What sparked it for me, was writing a slightly different set of wrapper functions than what the Raspberry Pi Pico SDK provides. Specifically:
io_rw_32 _i2s_get_hw_clkdiv(struct _i2s* i2s)
{
return i2s->pio_ch->sm[i2s->pio_sm].clkdiv;
}
void _i2s_set_hw_clkdiv(struct _i2s* i2s, io_rw_32 clkdiv)
{
i2s->pio_ch->sm[i2s->pio_sm].clkdiv = clkdiv;
}
A header file buried deep in the SDK says typedef volatile uint32_t io_rw_32;.
Sure, I could do
uint32_t _i2s_get_hw_clkdiv(struct _i2s* i2s)
{
return i2s->pio_ch->sm[i2s->pio_sm].clkdiv;
}
void _i2s_set_hw_clkdiv(struct _i2s* i2s, uint32_t clkdiv)
{
i2s->pio_ch->sm[i2s->pio_sm].clkdiv = clkdiv;
}
instead, and (probably?) generate the exact same code, but if for some unforeseen reason that typedef changes, I'd rather have as few datatype conversions as possible.

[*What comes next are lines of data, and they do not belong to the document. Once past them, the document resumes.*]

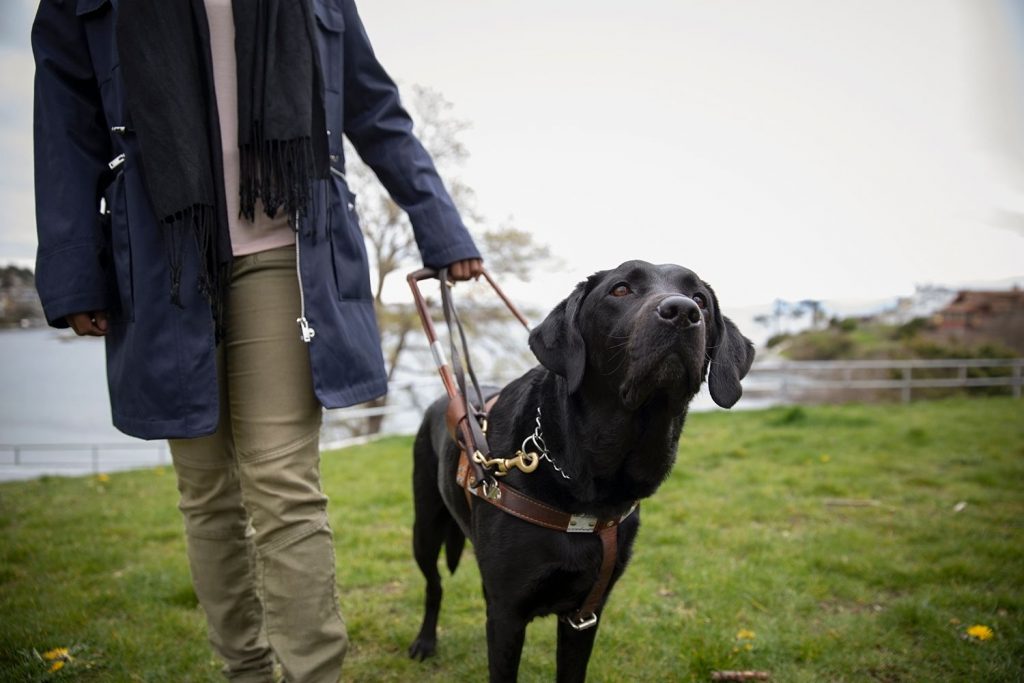 The Fascinating Bond Between Humans and Dogs: Understanding Their Extraordinary Companionship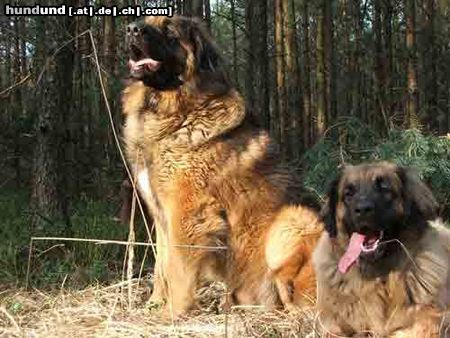Leonberger Hunde Foto 25392 in höherer Auflösung ansehen Leonberger Arima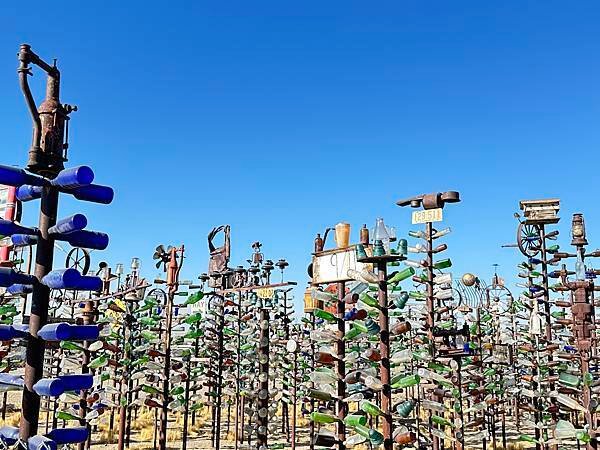美國66號公路。瓶樹牧場(Bottle Tree Ranch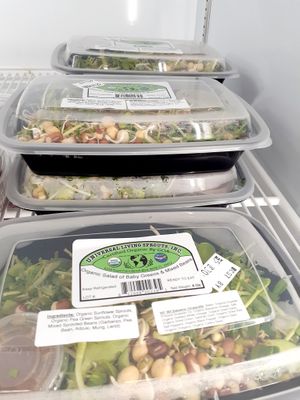  at Universal Living Sprouts in West Palm Beach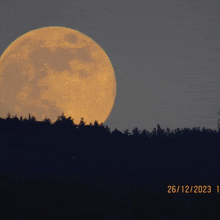 a full moon rises over a forest on the 26/12/2023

What, if any, is the effect of doing that?
It tells the compiler the value of the parameter must be reloaded each time it is used (or, if the source code modifies the parameter, the new value must be written each time).
There is almost never a reason to do that. With const, it can be useful to declare a function parameter as const if you intend never to modify it. If you declare it const and modify it due to a typo where you intended some other name, the compiler will warn you. However, volatile is normally used for accessing special hardware, but function parameters are managed by the compiler and should not need volatile. One time when you might want to use volatile with a function parameter is when you are debugging and want to be able to change the parameter from the debugger. Then using volatile will ensure the generated code gets the new value each time it is used in the source code. Since this would only be for debugging, it should not be used in deployed code.

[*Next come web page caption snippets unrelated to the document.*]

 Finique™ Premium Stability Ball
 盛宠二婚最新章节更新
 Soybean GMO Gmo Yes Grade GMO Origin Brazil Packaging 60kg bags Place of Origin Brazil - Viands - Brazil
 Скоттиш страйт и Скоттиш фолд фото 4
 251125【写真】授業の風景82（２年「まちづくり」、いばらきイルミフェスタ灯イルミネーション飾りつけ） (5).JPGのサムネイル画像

… generate the exact same code…
No, it does not. With a plain uint32_t parameter, Clang, with optimization enabled, does not reload the parameter from memory when it is used multiple times. When preparing for the second function call in this code:
void foo0(uint32_t clkdiv)
{
bar(clkdiv);
bar(clkdiv);
}
Clang copies the value of clkdiv from a register where it has cached it. In contrast, in this code:
void foo1(io_rw_32 clkdiv)
{
bar(clkdiv);
bar(clkdiv);
}
Clang reloads the parameter from memory. Interestingly, it is not memory where the parameter was passed to the function but rather is memory in the stack frame of the called function. The argument was passed to the function in a register, and the function stored it in memory to create the parameter. (A parameter is an object that is initialized with the value of an argument; it is not the argument itself.)
It is a mistake for the code to be using a volatile type as a parameter, as it results in inefficient code generation.